The equivalent circuit model of the electric-field detection system is shown in Figure 1. RX1 and RX2 are the sensing electrode, and the remaining electrodes are omitted from the model. TX is the emitting electrode. GND is the system ground. V_TX is the excitation source. The capacitance between the emitting electrode and the system ground is C_TXG, the capacitance between the sensing electrodes and the emitting electrode are C_RX1TX and C_RX2TX, respectively. Since the sensing electrodes are in the same plane, the capacitance between them is negligible. After the hand enters the electric field, the capacitance formed with the sensing electrodes are C_RX1H and C_RX2H, and the capacitance formed with the system ground is C_HG. The change in the position of the hand causes a change in the capacitance between the hand and the sensing electrodes, and the induced charge Q_RX of the electrode changes accordingly, thereby causing a change in the voltages φ_RX1 and φ_RX2 on the sensing electrodes. The detection system recognizes the gesture based on the difference in voltage changes of the electrodes.

When the hand does not enter the detection area, the charge density σ_TX can be calculated according to the potential V_TX of the emitting electrode, and the electric field intensity E_TXRX0 near the sensing electrode can be known, thus the induced voltage φ_TXRX0 can be expressed by the equation below.

$${\phi }_{TXRX0}={\displaystyle {\int }_{RX}^{\infty }{\mathit{E}}_{TXRX0}}\cdot d\mathit{l}$$

(1)

When the hand enters the electric field, the electric-field intensity E_TXH near the hand can be known, according to Gauss’s law, the quantity of induced charge formed on the hand is Q_h, which can be expressed as below.

$$Q_h={\displaystyle {\int }_S\epsilon \mathit{n}\cdot {\mathit{E}}_{TXH}dS}$$

(2)

Since the curvature changes greatly on the hand, the distribution of charge is extremely uneven, so we divide it into several curved surfaces with different charge densities, with area of S_i, charge density of σ_i, and the distance from the sensing electrode of R_i (i = 1, 2, …, n). The induced charge on the hand causes change to the spatial electric field, and the electric-field intensity E_RX on the sensing electrode is deduced from above equation.

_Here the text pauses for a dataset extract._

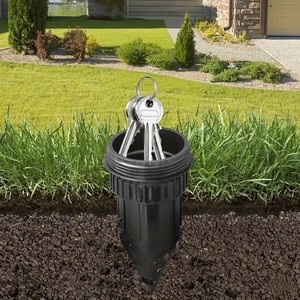 Garden Key Hider, Realistic Underground Watering Can Key Safe, No Battery Needed, Plastic for Outdoor Garden Security - Product Image 3
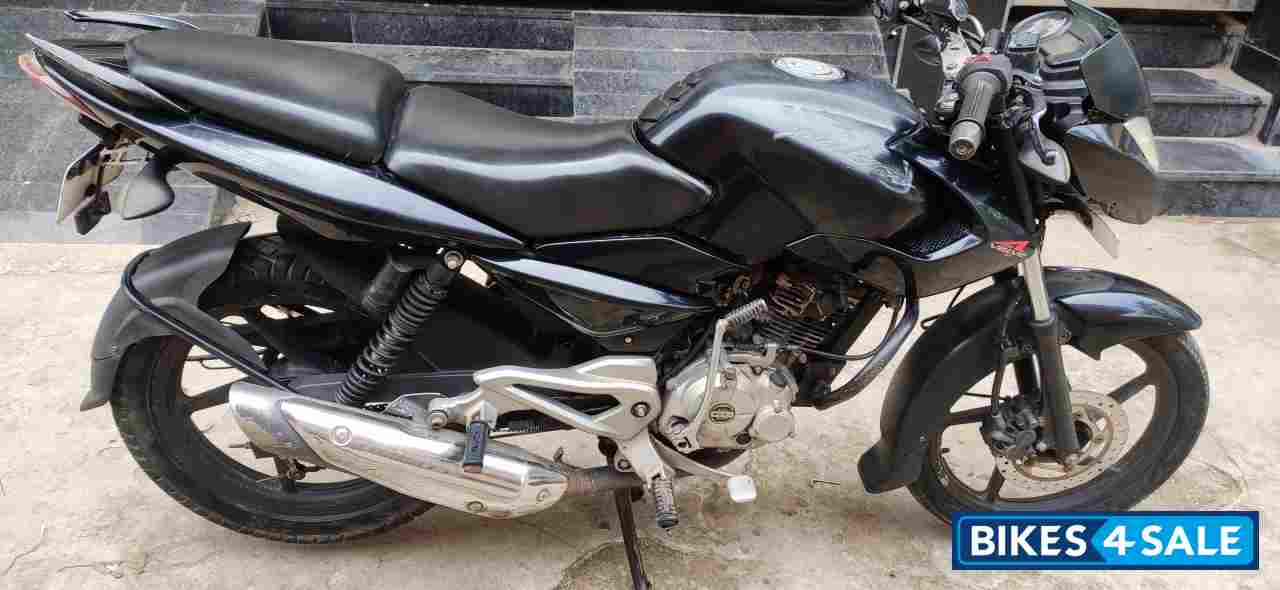 Black Bajaj Pulsar 135LS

$${\mathit{E}}_{RX}={\mathit{E}}_{TXRX0}+\frac{1}{4\pi \epsilon }{\displaystyle \sum _{i=1}^n\frac{{\sigma }_i{S}_i}{R_i^2}}{\mathit{e}}_R$$

(3)

The sensing electrode potential φ_RX can be calculated by integrating E_RX. Calculate the change ∆φ of the potential of different sensing electrodes after the hand enters the electric field as follows.

$$\Delta \phi ={\phi }_{RX}-{\phi }_{TXRX0}$$

(4)

Because the shape of the human hand is irregular and cannot be solved analytically, the variation of the potential on the sensing electrode under different gestures is analyzed by simulation.

2.2. Design and Implementation of Electric-Field Detection System

The electric-field detection system is mainly composed of four parts, namely the sensing electrode, the insulating material, the emitting electrode, and the system ground. According to the function of each part, a reasonable system structure is designed, in which the system ground must be placed at the bottom of the model to shield the interference source below, ensuring that the sensing electrode is only affected by the emitting electrode and the hand above. The insulating material is above the system ground to isolate the system ground from other electrodes. The emitting electrode and the sensing electrode are above the insulating layer, which can be placed in the same layer or separately on the upper and lower layers. When the electrodes are in the same layer, the electric field formed by the emitting electrode in the space has less effect on the sensing electrode. The initial potential value of the sensing electrode is low. After the hand enters the detection range, the change in the potential of the sensing electrode will be small. By placing the sensing electrode above the emitting electrode, the change in the potential of the sensing electrode is significantly improved. Therefore, the hierarchical distribution of each part of the detection system is the sensing electrode layer, the insulating layer, the emitting electrode layer, the insulating layer, and the system ground from the top to the bottom, with a total of five layers.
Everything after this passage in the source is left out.